Bunker in Brandenburg, Germany

Harnekop Nuclear Bunker (Atombunker Harnekop) is a former atomic bomb-proof bunker in the village of Harnekop in Prötzel, in the district Märkisch-Oderland, Brandenburg, Germany. Built over a 5-year period starting in 1971, the structure was the main bunker for the East German Ministry of National Defence and the National People's Army in case of a nuclear attack on the country.

==Facilities==
The bunker was built in secret and was camouflaged to look like a flight weather station. It consisted of a three-story deep stainless steel and concrete bunker system that rested on shock absorbers, comprising 7,500 square meters on three levels underground, each 63x40 meters, with 3 meter-thick walls and 7 meter-thick ceilings. It was designed to enable the East German army to operate from there after a nuclear war, with up to 455 men able to survive for up to a month.

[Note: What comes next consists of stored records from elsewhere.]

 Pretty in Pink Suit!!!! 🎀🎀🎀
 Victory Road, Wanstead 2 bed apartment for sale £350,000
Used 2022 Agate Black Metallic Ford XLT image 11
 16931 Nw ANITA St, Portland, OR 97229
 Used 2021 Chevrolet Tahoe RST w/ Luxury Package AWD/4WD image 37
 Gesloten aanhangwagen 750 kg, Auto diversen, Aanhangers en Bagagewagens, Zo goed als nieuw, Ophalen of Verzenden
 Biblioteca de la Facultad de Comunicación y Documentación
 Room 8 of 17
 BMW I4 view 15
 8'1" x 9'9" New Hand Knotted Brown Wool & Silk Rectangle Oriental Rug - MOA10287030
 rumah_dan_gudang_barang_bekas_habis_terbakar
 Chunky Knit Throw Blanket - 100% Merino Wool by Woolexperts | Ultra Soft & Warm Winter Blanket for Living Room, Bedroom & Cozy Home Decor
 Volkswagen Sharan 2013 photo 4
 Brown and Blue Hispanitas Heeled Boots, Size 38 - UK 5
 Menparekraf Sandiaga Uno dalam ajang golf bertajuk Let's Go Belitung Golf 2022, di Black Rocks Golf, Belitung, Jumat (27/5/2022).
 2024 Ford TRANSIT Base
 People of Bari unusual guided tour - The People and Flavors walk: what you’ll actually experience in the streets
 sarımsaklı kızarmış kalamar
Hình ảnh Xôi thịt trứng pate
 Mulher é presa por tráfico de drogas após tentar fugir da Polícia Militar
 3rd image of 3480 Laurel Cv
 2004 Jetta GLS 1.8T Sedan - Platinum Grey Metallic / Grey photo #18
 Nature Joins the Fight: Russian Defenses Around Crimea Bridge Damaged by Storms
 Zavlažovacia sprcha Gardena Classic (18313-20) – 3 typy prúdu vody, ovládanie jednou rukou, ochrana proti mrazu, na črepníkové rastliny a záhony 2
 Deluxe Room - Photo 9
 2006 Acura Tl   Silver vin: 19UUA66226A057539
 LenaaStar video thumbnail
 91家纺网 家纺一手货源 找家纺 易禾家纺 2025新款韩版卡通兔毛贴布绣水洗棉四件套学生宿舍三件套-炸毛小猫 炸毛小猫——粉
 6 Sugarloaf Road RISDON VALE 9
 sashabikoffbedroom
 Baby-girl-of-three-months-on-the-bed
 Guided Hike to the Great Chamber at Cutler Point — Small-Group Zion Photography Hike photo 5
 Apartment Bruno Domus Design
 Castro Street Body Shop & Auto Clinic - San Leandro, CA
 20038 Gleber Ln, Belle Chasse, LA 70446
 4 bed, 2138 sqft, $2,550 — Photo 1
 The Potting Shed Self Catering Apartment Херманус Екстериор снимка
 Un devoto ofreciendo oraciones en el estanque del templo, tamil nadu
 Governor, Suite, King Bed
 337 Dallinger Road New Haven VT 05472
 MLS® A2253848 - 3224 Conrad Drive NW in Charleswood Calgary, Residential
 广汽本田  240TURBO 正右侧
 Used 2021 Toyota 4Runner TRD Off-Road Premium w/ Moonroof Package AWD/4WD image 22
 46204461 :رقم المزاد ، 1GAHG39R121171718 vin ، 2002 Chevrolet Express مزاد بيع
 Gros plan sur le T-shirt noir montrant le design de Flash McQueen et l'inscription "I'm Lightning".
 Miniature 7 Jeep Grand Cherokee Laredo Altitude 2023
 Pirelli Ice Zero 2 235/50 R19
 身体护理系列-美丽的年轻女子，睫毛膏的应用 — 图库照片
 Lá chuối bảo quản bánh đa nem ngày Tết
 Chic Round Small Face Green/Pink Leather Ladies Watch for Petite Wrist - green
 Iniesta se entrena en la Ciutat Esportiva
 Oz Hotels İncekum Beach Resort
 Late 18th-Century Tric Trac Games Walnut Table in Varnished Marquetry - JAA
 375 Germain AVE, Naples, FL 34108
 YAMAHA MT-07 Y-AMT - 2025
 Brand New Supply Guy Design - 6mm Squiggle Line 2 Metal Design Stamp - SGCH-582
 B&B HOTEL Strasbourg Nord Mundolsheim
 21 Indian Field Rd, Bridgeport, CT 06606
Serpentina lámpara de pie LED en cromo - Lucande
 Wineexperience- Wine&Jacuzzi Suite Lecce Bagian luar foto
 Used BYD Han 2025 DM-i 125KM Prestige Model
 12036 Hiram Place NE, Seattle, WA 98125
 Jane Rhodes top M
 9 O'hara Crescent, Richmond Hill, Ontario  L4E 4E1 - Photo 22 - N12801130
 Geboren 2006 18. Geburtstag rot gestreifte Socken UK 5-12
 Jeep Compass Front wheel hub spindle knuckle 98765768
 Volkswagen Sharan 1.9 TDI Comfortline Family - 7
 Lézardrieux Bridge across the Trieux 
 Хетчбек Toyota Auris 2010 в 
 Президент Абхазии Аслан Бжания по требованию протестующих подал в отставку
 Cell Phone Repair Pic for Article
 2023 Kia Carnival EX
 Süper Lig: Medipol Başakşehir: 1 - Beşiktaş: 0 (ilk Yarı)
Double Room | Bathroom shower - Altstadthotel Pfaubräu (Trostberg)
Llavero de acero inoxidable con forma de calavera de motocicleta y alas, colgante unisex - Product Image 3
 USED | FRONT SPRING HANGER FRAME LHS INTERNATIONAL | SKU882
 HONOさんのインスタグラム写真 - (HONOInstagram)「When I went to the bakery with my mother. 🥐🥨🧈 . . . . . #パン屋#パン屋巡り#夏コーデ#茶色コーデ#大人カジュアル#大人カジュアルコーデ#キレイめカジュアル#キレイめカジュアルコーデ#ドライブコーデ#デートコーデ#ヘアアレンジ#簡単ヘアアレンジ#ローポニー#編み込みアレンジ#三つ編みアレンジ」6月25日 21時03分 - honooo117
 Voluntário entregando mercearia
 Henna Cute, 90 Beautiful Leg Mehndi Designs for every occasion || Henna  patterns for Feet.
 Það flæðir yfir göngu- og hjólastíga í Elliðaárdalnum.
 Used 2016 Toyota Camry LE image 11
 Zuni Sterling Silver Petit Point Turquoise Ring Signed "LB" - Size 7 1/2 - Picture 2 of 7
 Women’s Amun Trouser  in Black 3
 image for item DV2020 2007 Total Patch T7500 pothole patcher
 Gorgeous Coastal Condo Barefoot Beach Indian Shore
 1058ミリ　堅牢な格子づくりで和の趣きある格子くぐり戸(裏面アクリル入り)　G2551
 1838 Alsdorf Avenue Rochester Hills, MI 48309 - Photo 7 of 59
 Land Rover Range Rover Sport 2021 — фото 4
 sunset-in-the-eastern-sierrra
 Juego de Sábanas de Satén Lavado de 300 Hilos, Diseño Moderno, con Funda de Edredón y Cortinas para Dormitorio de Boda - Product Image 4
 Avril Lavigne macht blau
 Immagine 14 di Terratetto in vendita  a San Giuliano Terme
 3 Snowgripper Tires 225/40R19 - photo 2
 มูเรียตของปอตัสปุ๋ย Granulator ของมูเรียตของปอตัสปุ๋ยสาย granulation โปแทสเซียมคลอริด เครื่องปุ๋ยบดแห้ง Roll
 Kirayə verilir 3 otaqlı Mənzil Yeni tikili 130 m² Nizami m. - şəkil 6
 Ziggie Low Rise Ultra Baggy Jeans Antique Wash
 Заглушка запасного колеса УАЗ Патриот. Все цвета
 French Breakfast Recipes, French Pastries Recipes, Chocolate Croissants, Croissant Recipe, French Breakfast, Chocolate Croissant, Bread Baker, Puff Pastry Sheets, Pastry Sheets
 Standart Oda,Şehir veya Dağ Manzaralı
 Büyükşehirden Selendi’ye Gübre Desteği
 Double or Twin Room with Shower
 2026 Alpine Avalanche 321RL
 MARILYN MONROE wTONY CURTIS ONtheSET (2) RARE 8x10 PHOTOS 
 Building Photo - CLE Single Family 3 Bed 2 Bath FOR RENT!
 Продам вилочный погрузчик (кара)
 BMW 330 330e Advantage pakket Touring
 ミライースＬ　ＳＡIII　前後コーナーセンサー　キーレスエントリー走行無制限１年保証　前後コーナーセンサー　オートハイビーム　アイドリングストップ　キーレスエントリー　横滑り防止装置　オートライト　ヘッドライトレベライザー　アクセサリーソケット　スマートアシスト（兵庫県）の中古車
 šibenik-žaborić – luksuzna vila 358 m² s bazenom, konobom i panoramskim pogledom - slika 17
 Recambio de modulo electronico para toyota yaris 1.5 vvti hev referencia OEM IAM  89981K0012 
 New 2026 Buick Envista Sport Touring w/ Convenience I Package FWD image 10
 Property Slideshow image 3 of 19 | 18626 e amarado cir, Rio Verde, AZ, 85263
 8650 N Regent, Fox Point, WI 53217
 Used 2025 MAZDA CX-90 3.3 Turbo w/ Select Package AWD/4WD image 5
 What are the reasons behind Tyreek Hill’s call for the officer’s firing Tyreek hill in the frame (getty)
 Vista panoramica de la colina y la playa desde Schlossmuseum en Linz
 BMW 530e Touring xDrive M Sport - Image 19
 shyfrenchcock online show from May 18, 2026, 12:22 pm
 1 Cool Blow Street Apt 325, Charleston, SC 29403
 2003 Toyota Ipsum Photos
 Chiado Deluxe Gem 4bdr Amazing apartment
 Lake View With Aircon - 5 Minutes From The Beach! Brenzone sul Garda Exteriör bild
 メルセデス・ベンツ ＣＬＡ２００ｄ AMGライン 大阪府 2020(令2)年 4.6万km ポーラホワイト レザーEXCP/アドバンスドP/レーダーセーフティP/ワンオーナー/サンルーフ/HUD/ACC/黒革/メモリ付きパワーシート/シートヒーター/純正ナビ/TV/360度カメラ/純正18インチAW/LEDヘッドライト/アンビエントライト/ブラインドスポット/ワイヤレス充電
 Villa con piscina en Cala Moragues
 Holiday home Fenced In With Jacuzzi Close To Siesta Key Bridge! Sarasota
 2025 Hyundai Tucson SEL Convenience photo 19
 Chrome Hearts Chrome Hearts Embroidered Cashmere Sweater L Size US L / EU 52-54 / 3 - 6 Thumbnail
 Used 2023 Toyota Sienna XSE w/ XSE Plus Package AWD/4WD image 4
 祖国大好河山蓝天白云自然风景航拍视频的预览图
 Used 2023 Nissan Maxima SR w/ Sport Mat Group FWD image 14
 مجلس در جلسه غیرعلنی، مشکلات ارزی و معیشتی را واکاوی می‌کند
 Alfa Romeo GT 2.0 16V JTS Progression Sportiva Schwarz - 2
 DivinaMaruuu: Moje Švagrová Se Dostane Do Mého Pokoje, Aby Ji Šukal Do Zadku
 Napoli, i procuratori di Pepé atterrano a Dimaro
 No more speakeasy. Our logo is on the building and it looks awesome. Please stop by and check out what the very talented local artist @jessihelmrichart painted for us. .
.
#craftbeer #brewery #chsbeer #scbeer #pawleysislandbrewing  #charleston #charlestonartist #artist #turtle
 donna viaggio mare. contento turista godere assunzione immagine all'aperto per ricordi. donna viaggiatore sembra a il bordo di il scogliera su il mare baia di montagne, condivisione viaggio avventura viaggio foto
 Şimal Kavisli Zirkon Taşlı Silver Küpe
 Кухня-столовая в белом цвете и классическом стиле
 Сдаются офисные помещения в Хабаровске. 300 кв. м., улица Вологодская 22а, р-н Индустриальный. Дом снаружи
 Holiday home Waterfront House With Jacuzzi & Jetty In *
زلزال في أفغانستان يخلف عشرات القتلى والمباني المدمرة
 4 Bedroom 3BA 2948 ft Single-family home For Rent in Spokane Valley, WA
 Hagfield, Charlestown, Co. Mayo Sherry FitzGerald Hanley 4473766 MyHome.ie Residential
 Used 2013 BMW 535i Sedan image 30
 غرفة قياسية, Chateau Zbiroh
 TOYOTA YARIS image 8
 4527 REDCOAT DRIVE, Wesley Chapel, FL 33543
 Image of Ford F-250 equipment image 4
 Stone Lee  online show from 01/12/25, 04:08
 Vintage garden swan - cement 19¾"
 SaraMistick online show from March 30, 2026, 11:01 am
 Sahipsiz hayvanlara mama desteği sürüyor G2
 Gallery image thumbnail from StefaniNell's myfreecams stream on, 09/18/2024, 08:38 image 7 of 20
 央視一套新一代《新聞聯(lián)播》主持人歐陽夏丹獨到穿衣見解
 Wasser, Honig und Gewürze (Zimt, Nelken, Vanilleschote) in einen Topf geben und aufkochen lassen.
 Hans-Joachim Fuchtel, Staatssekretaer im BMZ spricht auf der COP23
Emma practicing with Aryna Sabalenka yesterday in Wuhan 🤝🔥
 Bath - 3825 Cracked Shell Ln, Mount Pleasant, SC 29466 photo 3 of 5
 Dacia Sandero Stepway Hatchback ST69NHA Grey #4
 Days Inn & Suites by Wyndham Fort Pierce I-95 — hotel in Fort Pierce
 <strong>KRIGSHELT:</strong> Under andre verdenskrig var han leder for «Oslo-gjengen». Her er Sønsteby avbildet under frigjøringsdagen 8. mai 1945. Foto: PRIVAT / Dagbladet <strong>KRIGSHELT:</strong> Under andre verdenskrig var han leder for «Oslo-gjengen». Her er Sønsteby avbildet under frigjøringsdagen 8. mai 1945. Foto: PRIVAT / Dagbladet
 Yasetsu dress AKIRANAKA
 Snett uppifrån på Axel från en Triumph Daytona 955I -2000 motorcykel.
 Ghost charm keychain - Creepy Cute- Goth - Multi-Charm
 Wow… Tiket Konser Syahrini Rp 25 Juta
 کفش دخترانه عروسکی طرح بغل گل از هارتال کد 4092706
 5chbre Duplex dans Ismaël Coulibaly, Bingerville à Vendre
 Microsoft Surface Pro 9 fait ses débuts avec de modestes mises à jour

The bunker included command and control facilities for operations personnel, meeting rooms, rooms for ministers, a canteen, kitchen, sleeping rooms, medical center. It also featured the systems and technology needed for survival in an isolated bunker surrounded by destruction, including water supplies, electricity generation, air cleaning and circulation system, climate regulation and waste treatment systems.

The building was not detected by NATO Intelligence and was first revealed to the public in 1990, on the day of German reunification.

==Museum==
The bunker is today protected as a national monument and is open for tours by appointment.